US 12,243,337 B2
Text extraction using optical character recognition
Chris Demchalk, Frisco, TX (US); Ryan M. Parker, Dallas, TX (US); Lokesh Vijay Kumar, Frisco, TX (US); and Brian Fromknecht, Richardson, TX (US)
Assigned to Capital One Services, LLC, McLean, VA (US)
Filed by Capital One Services, LLC, McLean, VA (US)
Filed on Mar. 8, 2024, as Appl. No. 18/599,667.
Application 18/599,667 is a continuation of application No. 17/741,113, filed on May 10, 2022, granted, now 11,961,316.
Prior Publication US 2024/0212375 A1, Jun. 27, 2024
Int. Cl. G06V 30/12 (2022.01); G06V 30/148 (2022.01); G06V 30/26 (2022.01); G06V 30/41 (2022.01)
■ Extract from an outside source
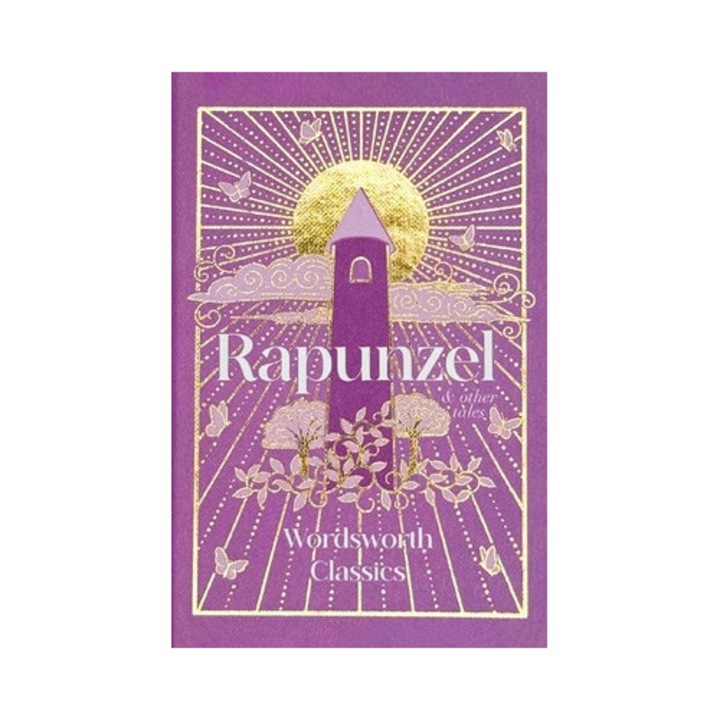 Rapunzel: With The Frog Prince And The Three Bears - Jacob Ludwig Carl Grimm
CPC G06V 30/133 (2022.01) [G06V 30/155 (2022.01); G06V 30/26 (2022.01); G06V 30/41 (2022.01)] 17 Claims
OG exemplary drawing
 
1. A method, comprising:
extracting, by at least one processor, a first set of text from a document using a first optical character recognition (OCR) tool;
extracting, by the at least one processor, a second set of text from the document using a second OCR tool;
comparing, by the at least one processor, a first metric of the first set of text to a second metric of the second set of text, the first metric measuring a first level of OCR quality of the first set of text and the second metric measuring a second level of OCR quality of the second set of text;
selecting, by the at least one processor, a first selected text from the first set of text or the second set of text based on a higher level of OCR quality;
extracting, by the at least one processor, a third set of text from the document using a third OCR tool;
comparing, by the at least one processor, a corresponding metric of the first selected text to a third metric of the third set of text, the third metric measuring a third level of OCR quality of the third set of text;
determining, for the first set of text, the second set of text, and the third set of text, a fourth metric, wherein the fourth metric comprises measuring a fourth level of OCR quality based on a respective number of words in respective ones of the first set, second set, or third set of extracted texts from the document divided by a number of pages in the document;
selecting, by the at least one processor, a second selected text from the first selected text or the third set of text based on a higher level of the third level of OCR quality or the fourth level of OCR quality; and
storing, by the at least one processor, the second selected text as a final text in a searchable format.